1. Much of the time a client-server model is used: There are multiple clients accessing a single database on a server.
2. Caching data on the clients tends to be very important for performance.
3. Even if only one client is the writer, all the readers have to deal with a stale cache

This cache coherency problem is such an issue that many applications either don't use local caches, or tend to throw them away a fraction of a second after they are used! The problem is that caches can quickly become stale.

Cache invalidation refers to the idea to invalidate stale cache items. Martin Fowler says one of his favorite sayings is There are only two hard things in Computer Science: cache invalidation and naming things. See Two Hard Things.

In the ORM product called Hibernate, the first level cache is associated with the Session object, which is a short-lived object. As soon as you close the session, all the information held in the cache is lost. There is also a second level cache which is associated with a SessionFactory. This isn't enabled by default, probably because it is dangerous - you need to understand the potential for stale objects if you enable the second level cache.

The NHibernate documentation on caches says

Be careful. Most caches are never aware of changes made to the persistent store by another process (though they may be configured to regularly expire cached data).

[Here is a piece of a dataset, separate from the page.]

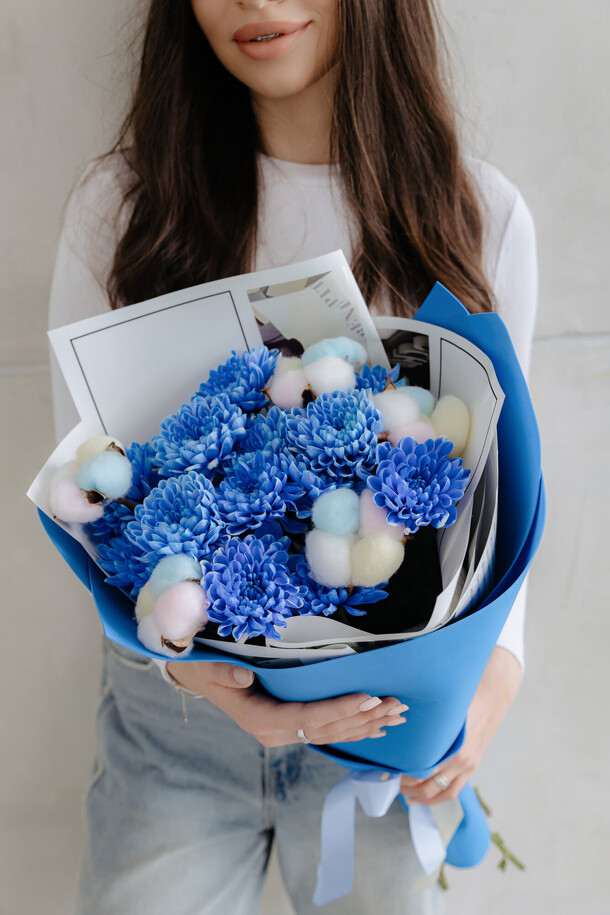 Букет небесный, артикул F1415435 - 2500 рублей, доставка по городу. Flawery - доставка цветов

Django comes with a cache system. Since a cached value can be stale, there is a TIMEOUT parameter which defaults to 5 minutes.

The python package django-cacheback is a caching library that refreshes stale cache items asynchronously using a Celery or rq task (utilizing django-rq). The key idea being that it’s better to serve a stale item (and populate the cache asynchronously) than block the response process in order to populate the cache synchronously.

The overview for the product memcached says this:

Memcached is, by default, a Least Recently Used cache. Items expire after a specified amount of time. Both of these are elegant solutions to many problems; Expire items after a minute to limit stale data being returned, or flush unused data in an effort to retain frequently requested information.

Redis is an open source (BSD licensed), in-memory data structure store, used as a database, cache and message broker. Redis has a concept of expiring keys. This is yet another timeout approach to dealing with stale data. The blog post A Key Expired In Redis, You Won't Believe What Happened Next by Karan Kamath 2017 describes issues with unexpectedly long times for stale data. The blog states it was expected that the data could be stale by 11 minutes, and it'd be nice to use cache invalidation. Of course, cache invalidation is hard, and greatly complicates application code. It's little wonder it's often not implemented.

Davide Mauri warns about the downsides of caching in his blog post Caching is not what you think it is.

There is a stackoverflow question Dealing with stale data in in-memory caches. The accepted answer is to version the data - i.e. add a version column in the relevant tables, and clients can then first look into the database to look up the current version number and then talk to the cache. However, in a comment someone asks: if you are querying the DB every time in order to get the cache key, is the cache layer still beneficial?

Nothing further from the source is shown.